### [Assigned task]
Leaving out the pictures, please reproduce exactly and only the lines from the one that contains "Спар на Кирова, фото №1" through the last line below.

### [Given data]

┌──

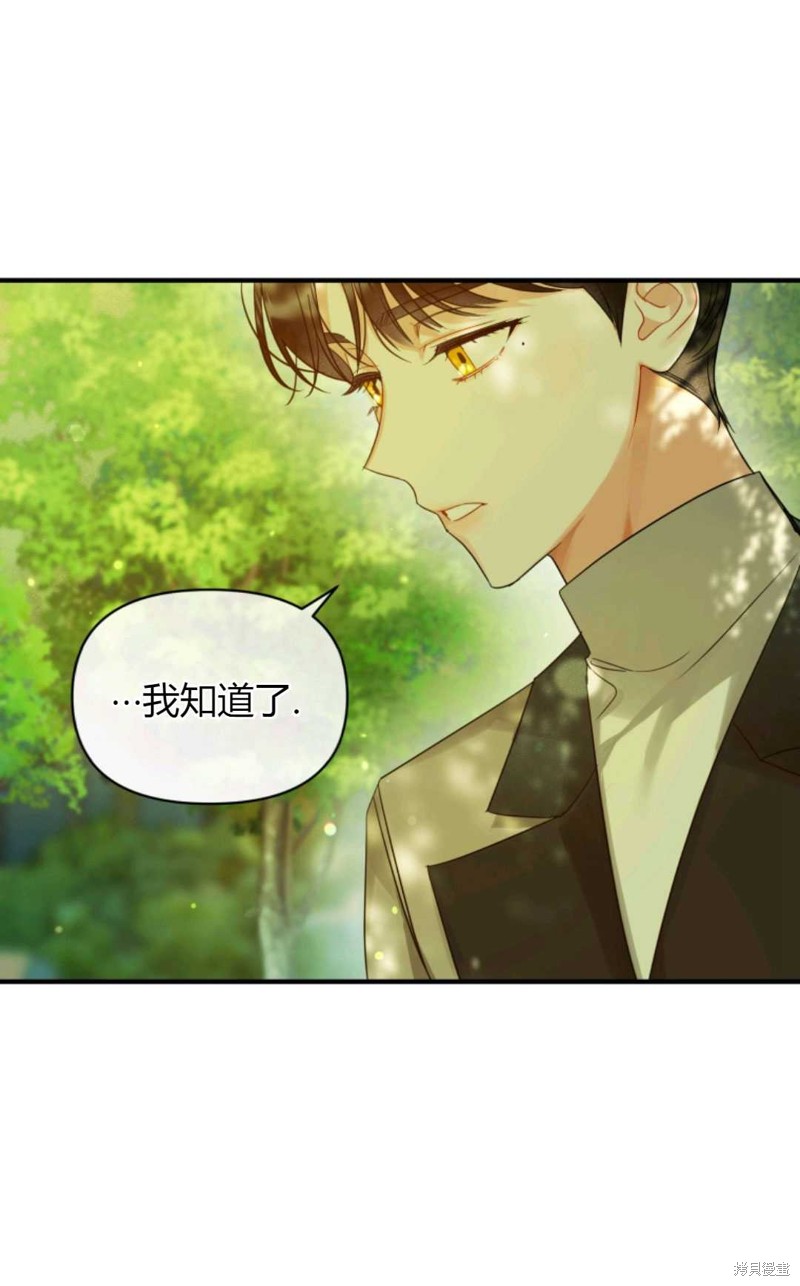 《成为BL主人公的妹妹》漫画最新章节第13话免费下拉式在线观看章节第【79】张图片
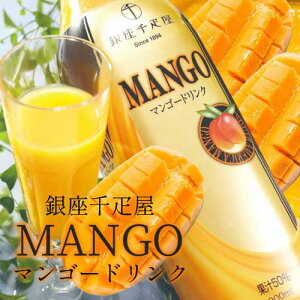 }S[hN 900ml × 2{bDbAfX}S[bn}S[bMANGO JUICEb}S[W[Xblߍ킹Zbgb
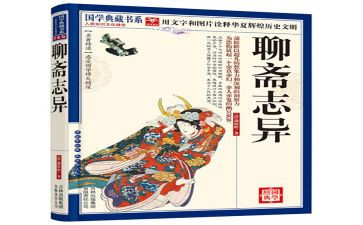 聊斋的读后感模板5篇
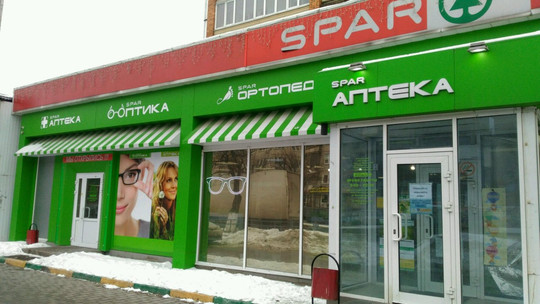Спар на Кирова, фото №1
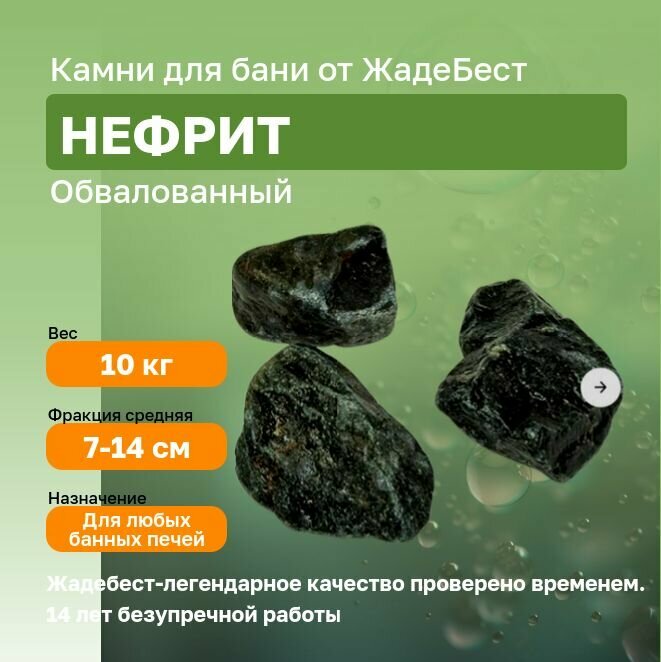 Нефрит обвалованный средний Жадебест для бани и сауны, 10 кг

└──

### [Exercise solution]
Спар на Кирова, фото №1
 Нефрит обвалованный средний Жадебест для бани и сауны, 10 кг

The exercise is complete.